Again, we need their help. We don’t have anywhere near enough money to just go in and say, here it is. So we need them to basically tell us that they want it. And if they tell us that, we are super excited to try and see what it means to be Zetland-ish in Finland.

This interview will presumably be read by a lot of news leaders who are where you were a few years ago: they have an audience base, but now need to get revenue out of them to be able to thrive or even survive. What are your recommendations for someone in that position?

It depends on what their challenge is, but what I see a lot is that people when they’re struggling compromise on, for instance, their business model and they say “OK, let’s run some ads” or “OK, let’s hire some freelancers instead of doing the journalism we really want to do”. It’s easy to say and very hard to do, but I think that’s the wrong strategy.

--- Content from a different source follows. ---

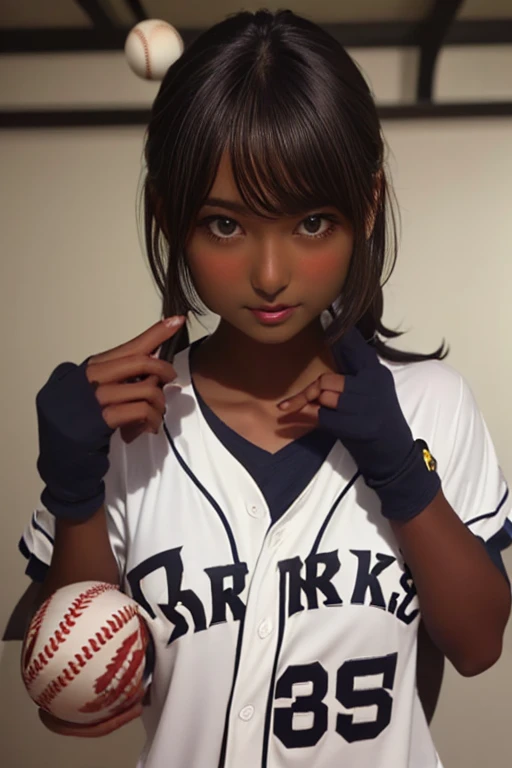 (((( one girl )))), Put your hand over your mouth、Beautiful breasts、 Brown eyes, ((Gal Hairstyles)) blonde, girl, (Eye and facial details:1.0), break, (masterpiece, Highest quality, Very detailed, Detailed face, 8k),( dark skin:2.2 ), (((( baseball uniform )))),( open mouth ),(((( thick lips ))))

I think that there are way too many media entrepreneurs that are like “OK, let’s see what we can do with two people in the basement”. I think what we did right with Zetland was to say no, it’s 30 people in a proper office and then we will lose some money.

If you have the right business plan and if you are savvy enough, my suggestion would always be to see if you can talk to an investor or your bank or something, because you need to start bigger.

If you want to create a habit among people, you can’t do that with a Substack newsletter that comes once a month. It’s just not going to take you to that very intimate relationship with the customers where the member comes back each day and trusts you to deliver their daily or weekly news cycle.

That’s probably the thing I see the most. People just start too small and are also not serious about the fact that journalism is an experience, not some content that is distributed in a void. You have to think about the full customer journey of how do you sign up to this? What’s the experience when you consume the product? Is it audio? Is it video? Is it text? Is it a hologram? You have to think about those things, because it’s not enough to have great journalism. It has to be delivered and packaged in the right way.

And then I think the last thing is try to be a human because that’s actually what people will pay for in the future.

Is there anything that you’ve done wrong along the way? You mentioned talking about failures, so what’s your biggest failure?

I mean, we fucked up so many times. The marketing that we did in the first years was a failure. I think we actually probably did start too small, that was a failure. We should have been even bigger from the beginning.

We messed up when we initially tried to launch video in our app. It didn’t work. People didn’t want it. We spent way too much time figuring that out.

We’ve been through a couple of shit storms in Denmark, that’s not a good way to talk to your customers. We hired the wrong people, we fired the wrong people. I mean, it’s just going to be one huge highway of fuck-ups, and it certainly has been for us.

I think what we’ve learned is that it’s true that you can turn a mistake into an upside for you if you just dare to communicate about it transparently. Our members react positively when we say “OK, we messed up, sorry”, because it builds trust.

Media companies are usually not very good at admitting their mistakes, but you always have a lot of mistakes that you could admit.

Zetland in facts and figures

How big is Zetland’s staff? Around 60 people, including 32 on the core editorial teams, five on visuals and social media content production, six on the product team, six on the growth team (including Zetland Live), and administrative roles.

How big is Zetland’s audience? More than 40,000 members.

What’s the revenue model? This year the forecast is approximately 85 percent direct member payments, ten percent government grants and five percent tech sales etc.What’s the price of membership? Standard €18.6/month, family (four seats)  €22.6/month, 1 year = 10x monthly price, student  €6.7/month, four students €10,7/month.